LONDON, 24 MAY – Newcore Capital (‘Newcore’) has secured £190 million in equity commitments for Newcore Strategic Situations V (NSS V), which will invest in physical social infrastructure across the UK with a principal focus on Greater London and the South-East of England.

Combined with appropriate leverage, the capital raise gives Newcore close to £350 million of firepower to deploy into the current dislocated market. 

Notable investors include the Merseyside and Clwyd Local Government Pension Schemes, two European fund-of-fund managers and a FTSE-100 corporate pension fund. A number of high-net-worth individuals and family offices also participated in the final close. The fund had a 60 percent re-up rate, with those re-upping increasing their average commitment by 74 percent. Accord Europe Limited and its affiliates were the appointed placement agent. 

NSS V, a close-ended vehicle with a life spanning over seven years, is the latest in Newcore’s flagship value-add fund series. The UK-focused investment manager also manages core/core-plus separate accounts on behalf of two private family offices. 

The fund’s target net levered internal rate of return (IRR) is 13-15 percent per annum (p.a.) with sustainable leverage up to 30 percent loan-to-value at a fund level. Newcore has achieved a 14 percent-plus p.a. aggregate IRR since its inception in 2011 with modest financial leverage.  

Newcore currently manages £500 million in assets across both its core-plus and value-add strategies. The investment manager focuses exclusively on real estate that enables the provision of essential services to communities. Target asset classes include education and childcare, healthcare, storage, life sciences, waste management, roadside and transport. 

As the UK’s first dedicated real estate investment manager to achieve B Corporation status, Newcore has a strong focus on ESG (Environmental, Social, and Governance). Newcore donates at least 10% of its profits to its Newcore Foundation and has contributed close to £500,000 to charitable causes since its establishment in 2011. 

Newcore Capital CEO Hugo Llewelyn commented: “To have achieved our largest final close to date against a deeply uncertain economic backdrop is a testament to the track record of our team and the quality of our proposition, which is why so many of our investors have invested with us throughout our value-add fund series.

“Across traditional real estate sectors, rising interest rates are colliding with structural changes that put many assets at risk of obsolescence, forcing investors to rethink their allocations and we expect social infrastructure to form a greater portion of institutional portfolios going forward.”

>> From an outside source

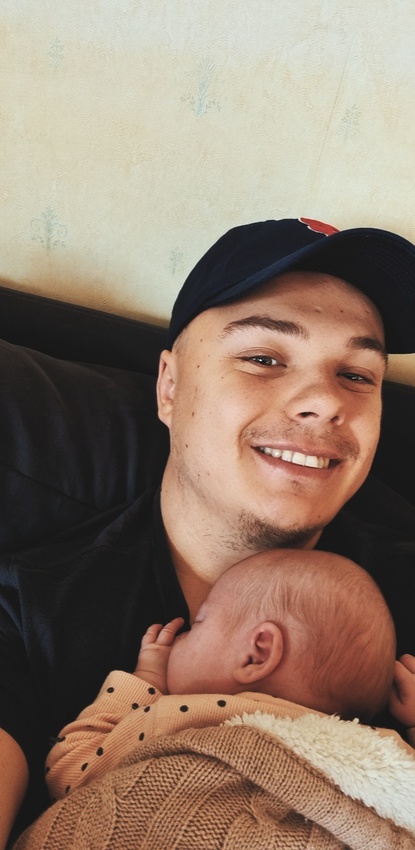 Klicka för att förstora Daddy_Kaczynski skickade en bild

Neil Sarkhel, chief operating officer at Newcore Capital, added: “Our strategy allows institutional investors to gain exposure to hard-to-access, granular assets that are both resilient and genuinely impactful. The capital raised will enable the creation and refurbishment of space for essential social uses.”

“Our investment approach with Newcore Strategic Situations V will look to build on the success of previous funds while intensifying our occupier engagement to drive positive ESG outcomes.”

Peter Wallach, director of pensions at Merseyside Pension Fund said: “Our continued investments with Newcore Capital allow us to contribute to the provision of essential infrastructure and services the UK needs to support a growing and ageing population, while also contributing to the ‘greening’ of the built environment through sustainability-focused, value-add asset management initiatives.”

Early investors in the fund include a number of high-net-worth individuals introduced by Coutts, via its investment club. The Coutts Investment Club connects some of the bank’s most financially sophisticated, high net worth clients with private investment opportunities, both direct private companies but also thematic private equity and real estate funds.

Hans Prottey, Head of Private Markets at Coutts said: “We are pleased to support Newcore’s fundraise, particularly given both Coutts and Newcore are certified B Corps. 

Our clients saw this as an attractive opportunity to invest alongside a highly specialised, award-winning fund manager with a proven track record. We look forward to following Newcore’s achievements over the next few years.”